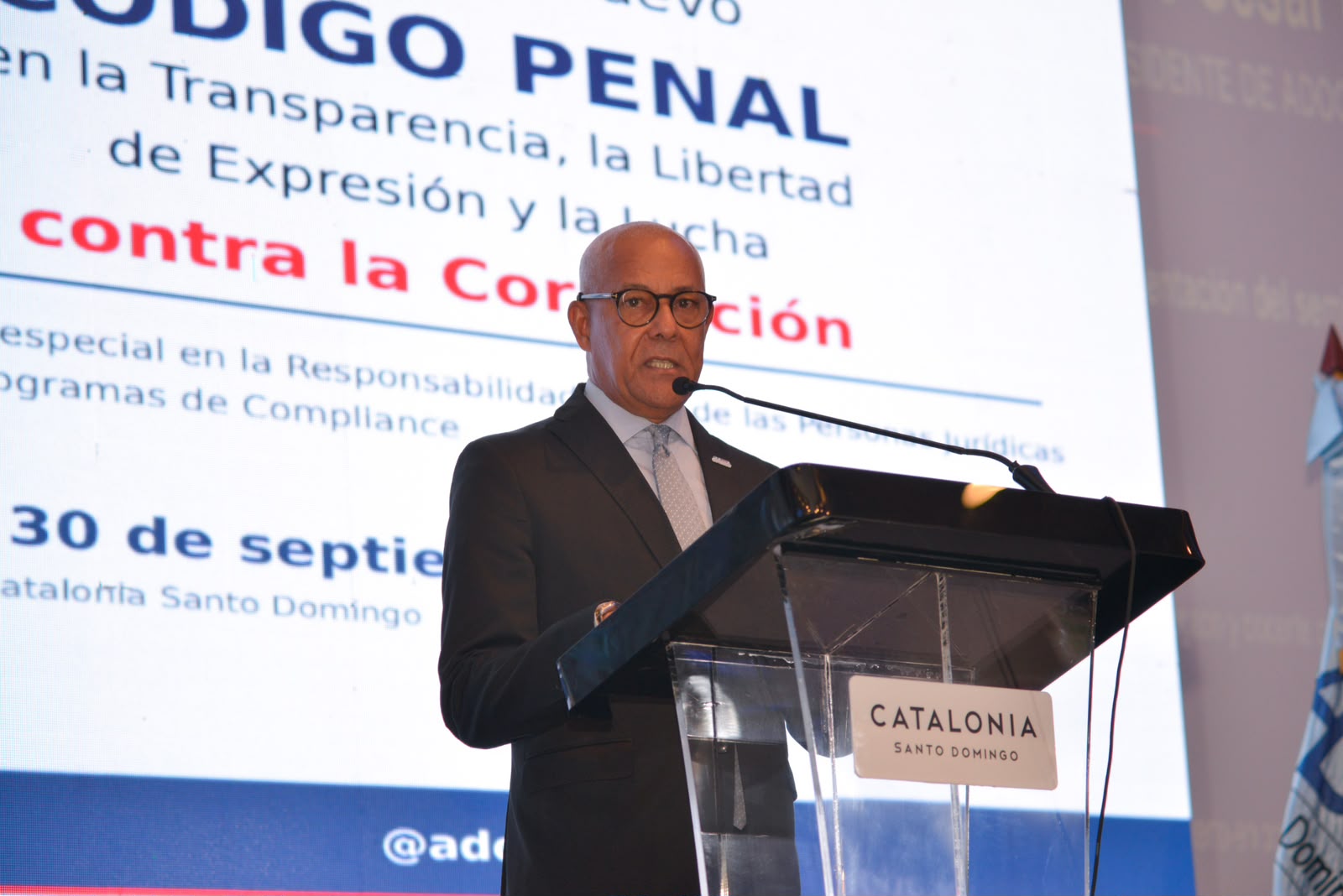ADOCCO reúne a juristas, autoridades y gremios profesionales para analizar el impacto del nuevo Código Penal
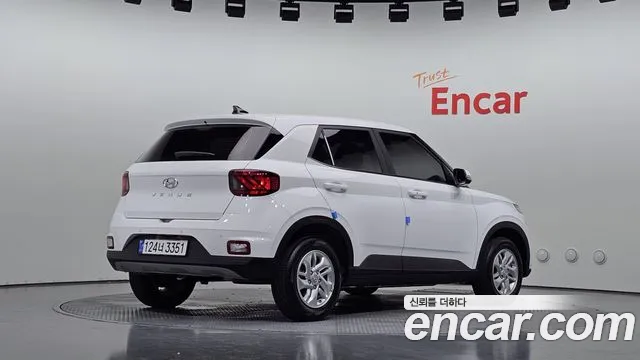 Hyundai Venue Venue 1.6 Premium — Фото автомобиля 2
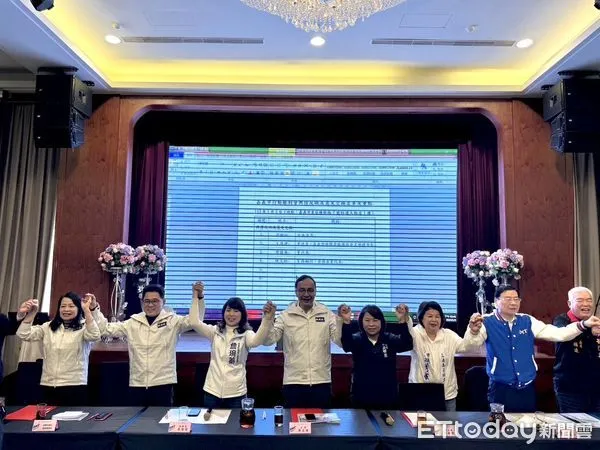 ▼ 國民黨行動中常會移師嘉義市朱立倫助拳侯友宜張秀華讓嘉義出總統 。(圖/張秀華競選總部提供)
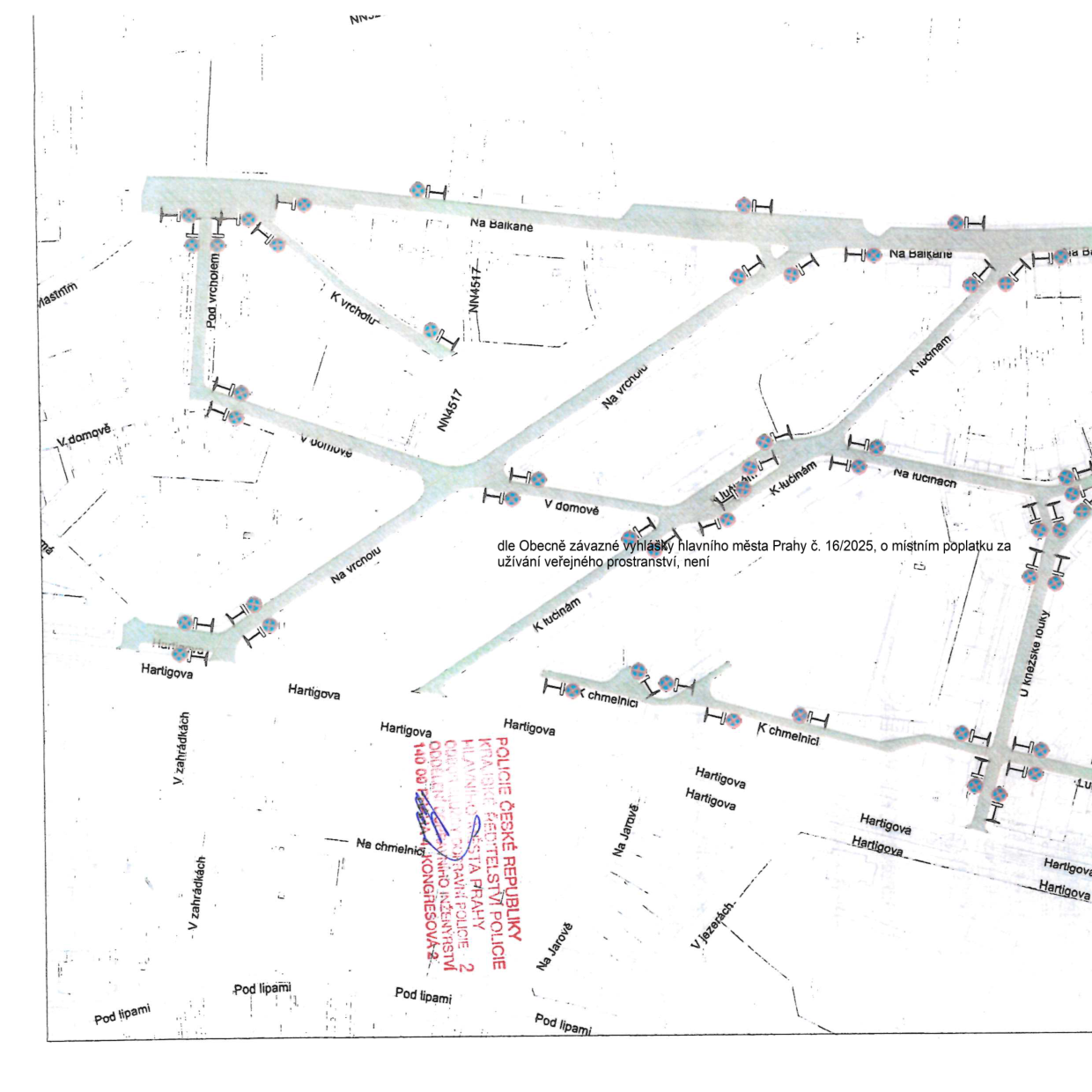 Situační plán dopravního značení v ulicích v oblasti Na Balkáně a Hartigova.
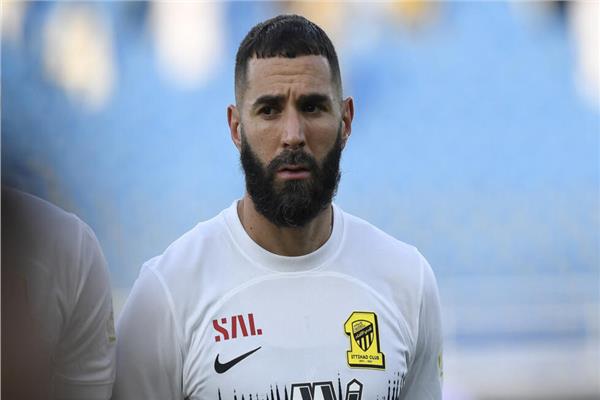 بنزيما يقود اتحاد جدة لمواجهة الوحدة في الدوري السعودي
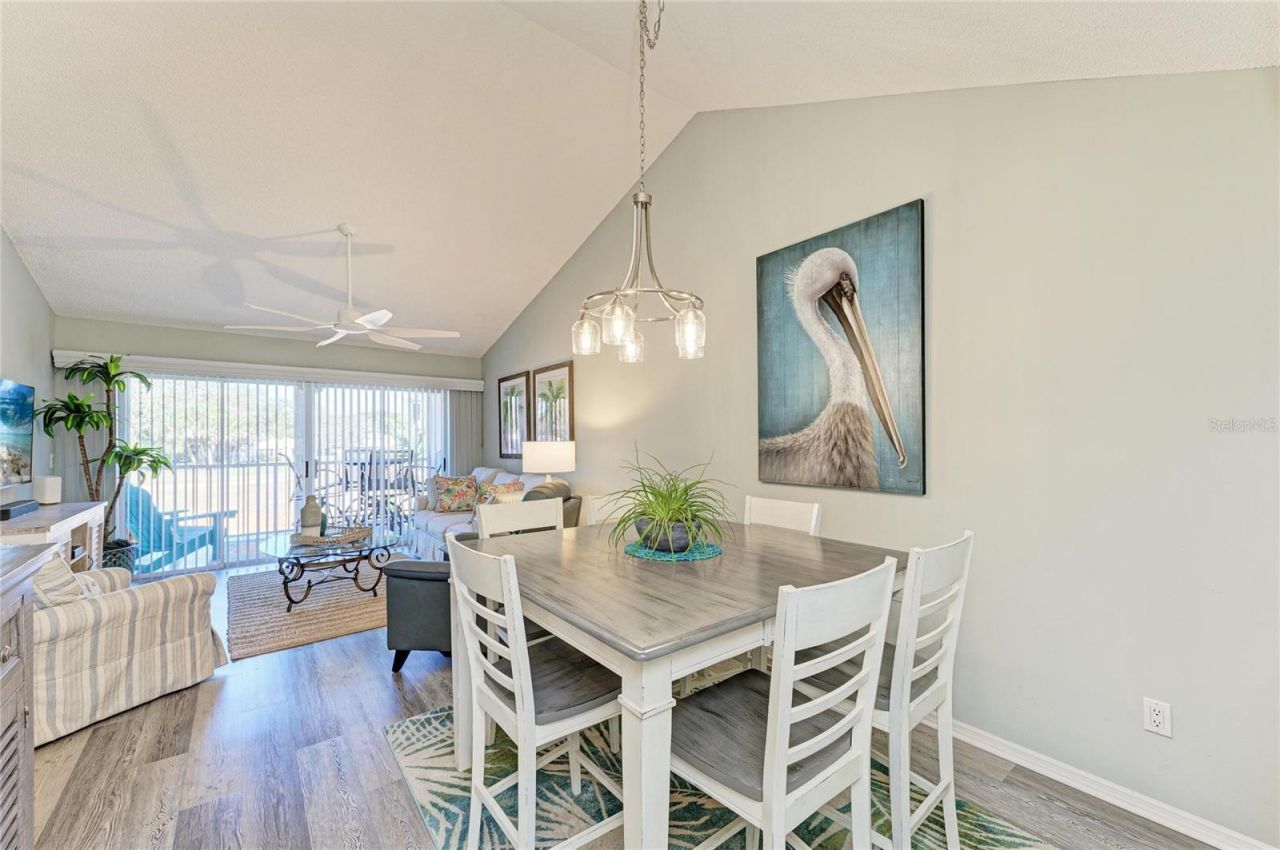 431 Cerromar Lane, Unit 446, Venice, FL 34293 Photo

-------

▸ Assigned task: What is needed is a word-for-word copy of the lines from the one containing "Situační plán dopravního" through the final line of the records above, both included, with the pictures left out.

▸ Exercise output:
 Situační plán dopravního značení v ulicích v oblasti Na Balkáně a Hartigova.
 بنزيما يقود اتحاد جدة لمواجهة الوحدة في الدوري السعودي
 431 Cerromar Lane, Unit 446, Venice, FL 34293 Photo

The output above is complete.